- INFORMATION PROVIDED -
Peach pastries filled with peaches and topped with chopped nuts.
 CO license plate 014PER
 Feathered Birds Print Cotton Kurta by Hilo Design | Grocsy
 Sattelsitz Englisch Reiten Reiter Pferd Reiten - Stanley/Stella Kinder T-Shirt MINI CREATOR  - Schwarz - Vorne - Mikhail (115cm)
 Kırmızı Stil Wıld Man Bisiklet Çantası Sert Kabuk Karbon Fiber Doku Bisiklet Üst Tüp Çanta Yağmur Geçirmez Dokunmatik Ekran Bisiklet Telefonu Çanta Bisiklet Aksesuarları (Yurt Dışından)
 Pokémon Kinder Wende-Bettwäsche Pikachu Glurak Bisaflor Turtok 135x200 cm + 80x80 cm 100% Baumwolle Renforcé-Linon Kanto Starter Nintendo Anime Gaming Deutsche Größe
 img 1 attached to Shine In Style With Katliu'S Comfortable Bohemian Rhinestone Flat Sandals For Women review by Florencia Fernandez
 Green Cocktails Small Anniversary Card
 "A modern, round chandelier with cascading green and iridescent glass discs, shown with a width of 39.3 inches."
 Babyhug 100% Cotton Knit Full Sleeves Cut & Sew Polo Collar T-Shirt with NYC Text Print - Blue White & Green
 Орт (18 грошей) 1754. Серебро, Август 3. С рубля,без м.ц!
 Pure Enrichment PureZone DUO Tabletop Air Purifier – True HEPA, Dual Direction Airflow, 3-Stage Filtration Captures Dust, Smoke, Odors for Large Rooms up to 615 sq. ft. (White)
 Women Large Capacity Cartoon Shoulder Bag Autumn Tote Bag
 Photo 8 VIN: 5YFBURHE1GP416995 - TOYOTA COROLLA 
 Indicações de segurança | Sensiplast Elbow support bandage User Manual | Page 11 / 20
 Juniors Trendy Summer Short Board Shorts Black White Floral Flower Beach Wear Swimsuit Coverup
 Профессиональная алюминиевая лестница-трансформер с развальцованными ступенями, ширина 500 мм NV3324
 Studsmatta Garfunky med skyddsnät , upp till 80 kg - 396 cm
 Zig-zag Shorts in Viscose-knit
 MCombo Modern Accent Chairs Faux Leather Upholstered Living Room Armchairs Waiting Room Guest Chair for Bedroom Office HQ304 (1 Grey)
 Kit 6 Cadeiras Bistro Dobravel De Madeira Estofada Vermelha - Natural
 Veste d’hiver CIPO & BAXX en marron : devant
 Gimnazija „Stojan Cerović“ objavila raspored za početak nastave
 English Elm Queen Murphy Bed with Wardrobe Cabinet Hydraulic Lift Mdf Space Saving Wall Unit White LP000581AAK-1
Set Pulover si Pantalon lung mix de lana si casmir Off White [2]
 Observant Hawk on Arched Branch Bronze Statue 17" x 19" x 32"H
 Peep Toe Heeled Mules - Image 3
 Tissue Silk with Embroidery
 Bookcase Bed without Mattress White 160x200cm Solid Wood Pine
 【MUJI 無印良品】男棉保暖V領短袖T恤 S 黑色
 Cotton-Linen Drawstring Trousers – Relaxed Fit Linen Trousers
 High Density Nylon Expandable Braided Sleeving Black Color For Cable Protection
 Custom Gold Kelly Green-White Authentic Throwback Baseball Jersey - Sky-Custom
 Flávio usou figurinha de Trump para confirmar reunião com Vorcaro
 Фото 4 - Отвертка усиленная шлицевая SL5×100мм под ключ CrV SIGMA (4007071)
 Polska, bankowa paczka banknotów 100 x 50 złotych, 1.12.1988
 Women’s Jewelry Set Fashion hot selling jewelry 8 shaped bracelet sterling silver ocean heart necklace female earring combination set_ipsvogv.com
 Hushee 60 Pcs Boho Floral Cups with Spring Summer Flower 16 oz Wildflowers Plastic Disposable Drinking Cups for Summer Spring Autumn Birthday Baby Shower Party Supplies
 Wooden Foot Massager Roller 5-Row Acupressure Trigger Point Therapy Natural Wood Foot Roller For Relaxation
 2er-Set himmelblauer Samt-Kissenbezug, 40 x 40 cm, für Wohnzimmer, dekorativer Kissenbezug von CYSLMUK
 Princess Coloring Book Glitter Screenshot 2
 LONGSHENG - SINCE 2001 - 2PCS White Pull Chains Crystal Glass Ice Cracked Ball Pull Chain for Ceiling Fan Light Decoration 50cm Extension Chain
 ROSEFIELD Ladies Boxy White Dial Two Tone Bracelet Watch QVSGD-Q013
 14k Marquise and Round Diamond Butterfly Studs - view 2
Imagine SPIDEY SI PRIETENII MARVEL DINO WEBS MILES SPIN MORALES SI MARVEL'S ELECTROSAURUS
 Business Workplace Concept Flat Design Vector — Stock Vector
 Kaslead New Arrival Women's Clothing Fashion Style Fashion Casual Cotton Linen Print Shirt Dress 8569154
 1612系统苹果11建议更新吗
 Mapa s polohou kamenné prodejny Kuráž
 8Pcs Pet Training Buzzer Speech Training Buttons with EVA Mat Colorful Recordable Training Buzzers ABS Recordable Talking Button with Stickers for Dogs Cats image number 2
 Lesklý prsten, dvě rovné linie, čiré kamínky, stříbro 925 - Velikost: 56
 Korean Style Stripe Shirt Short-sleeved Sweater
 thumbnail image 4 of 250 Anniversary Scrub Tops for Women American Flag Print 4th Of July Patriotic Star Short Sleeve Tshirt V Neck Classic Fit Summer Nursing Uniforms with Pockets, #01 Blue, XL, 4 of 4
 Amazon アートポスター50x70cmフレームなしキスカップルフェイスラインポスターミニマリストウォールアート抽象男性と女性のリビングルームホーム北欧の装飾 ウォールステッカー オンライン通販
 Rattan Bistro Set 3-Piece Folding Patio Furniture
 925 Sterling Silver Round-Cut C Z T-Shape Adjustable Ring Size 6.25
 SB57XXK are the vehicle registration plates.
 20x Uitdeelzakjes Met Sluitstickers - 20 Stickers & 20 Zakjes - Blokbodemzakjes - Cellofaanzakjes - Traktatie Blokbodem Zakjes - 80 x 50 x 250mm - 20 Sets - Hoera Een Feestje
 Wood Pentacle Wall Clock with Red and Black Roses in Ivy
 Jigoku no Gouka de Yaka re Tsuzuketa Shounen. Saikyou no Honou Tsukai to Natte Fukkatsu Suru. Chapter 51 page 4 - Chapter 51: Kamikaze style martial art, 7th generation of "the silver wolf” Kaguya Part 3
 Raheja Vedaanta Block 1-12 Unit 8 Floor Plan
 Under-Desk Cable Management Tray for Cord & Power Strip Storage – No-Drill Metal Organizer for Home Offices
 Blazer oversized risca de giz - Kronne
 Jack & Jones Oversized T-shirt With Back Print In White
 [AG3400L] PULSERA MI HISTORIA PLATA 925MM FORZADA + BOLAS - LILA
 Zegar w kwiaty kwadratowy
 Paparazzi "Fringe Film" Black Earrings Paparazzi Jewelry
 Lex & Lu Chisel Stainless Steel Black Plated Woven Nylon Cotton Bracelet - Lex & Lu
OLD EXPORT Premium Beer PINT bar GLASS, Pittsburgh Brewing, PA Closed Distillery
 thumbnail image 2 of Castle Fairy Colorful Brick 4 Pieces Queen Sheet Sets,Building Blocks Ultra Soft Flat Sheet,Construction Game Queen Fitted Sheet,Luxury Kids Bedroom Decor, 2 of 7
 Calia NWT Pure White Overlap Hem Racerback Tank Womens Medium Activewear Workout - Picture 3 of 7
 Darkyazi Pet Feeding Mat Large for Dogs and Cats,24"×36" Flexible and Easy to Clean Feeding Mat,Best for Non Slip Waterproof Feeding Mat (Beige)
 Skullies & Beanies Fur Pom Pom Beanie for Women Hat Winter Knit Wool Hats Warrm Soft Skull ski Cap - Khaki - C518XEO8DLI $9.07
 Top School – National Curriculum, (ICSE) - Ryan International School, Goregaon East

- YOUR ASSIGNMENT -
Determine how many lines above contain the word "Bedroom", then give the number by itself.

- ANSWER FOR THIS EXERCISE -
2